Required Data: HA (active/passive) issues

Article ID:115002341252
3 minute readKnowledge base

Issue

High Availability (active/passive) is not working as expected.

Prerequisite

Verify that both yours nodes have the following configuration:

  • JAVA_OPTS contains -Dhudson.TcpSlaveAgentListener.hostName=<HOSTNAME>. Note that if the nodes and/or JNLP agents are in different Networks then the FQDN is needed (If there is not Public Domain Name, use a static IP instead).
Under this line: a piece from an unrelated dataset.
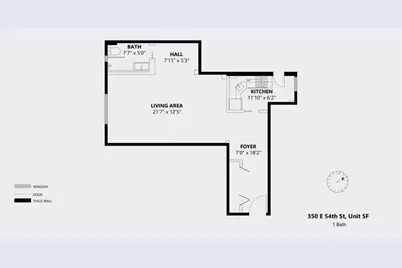 350 E 54th Street #5F, New York, NY 10022 - Photo 12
  • JENKINS_ARGS contains --webroot=$LOCAL_FILESYSTEM/war and --pluginroot=$LOCAL_FILESYSTEM/plugins

Required Data HA issues

This article describes how to collect the minimum required information for troubleshooting HA (active/passive) issues.
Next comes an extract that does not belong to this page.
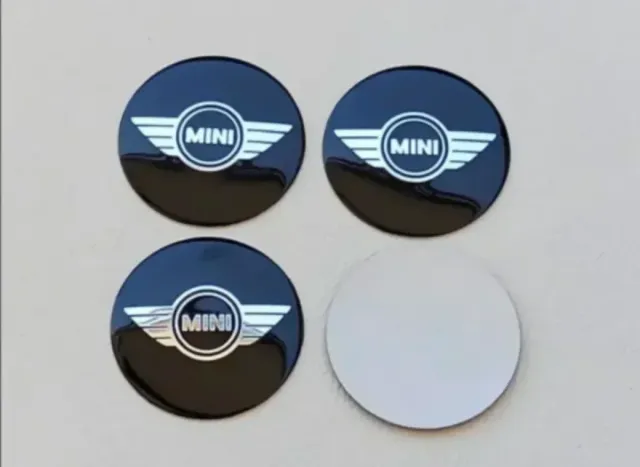 4 Emblemas 56mm para Tapabujes Mini Cooper One JCW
If the required data is bigger than 50 MB you will not be able to use ZenDesk to upload all the information. On this case we would like to encourage you to use our upload service in order to attach all the required information.

Required Data check list

  • Network infrastructure description

  • Support bundle of the instance in HA

  • JGroups customization (optional)

  • Output from Troubleshooting application

  • Logs from Active and Secondary node

Network infrastructure description

A brief description of your network infrastructure including:

  • Is there any firewall (or any other interposed network device) in the middle of both nodes?. Note: Firewalls needs a customized jgroups.xml see High Availability Installations Troubleshooting

  • Do you have several network interfaces on those instances?

Support bundle

A support bundle from the Jenkins instance while the issue is exposed. Please, follow the KB below in case you don’t know how to generate a support bundle.
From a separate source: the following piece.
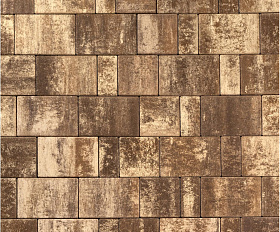 Тротуарная плитка 342 Механический завод Новый Город ColorMix 40мм Невада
JGroups customization [optional]

Default jgroups will pick up random ports unless we configure jgroups.xml

If you have configure jgroups.xml, please attach to the ticket.

Output from Troubleshooting application

To simplify the troubleshooting process of the network issues, we have published the troubleshooter program. This program runs the same lower level stack as Jenkins HA, and thus exercises the network in the exact same fashion. When you type in a text from stdin and hit enter, you should see the text echoed on all nodes of the cluster (including the node in which you typed the text.)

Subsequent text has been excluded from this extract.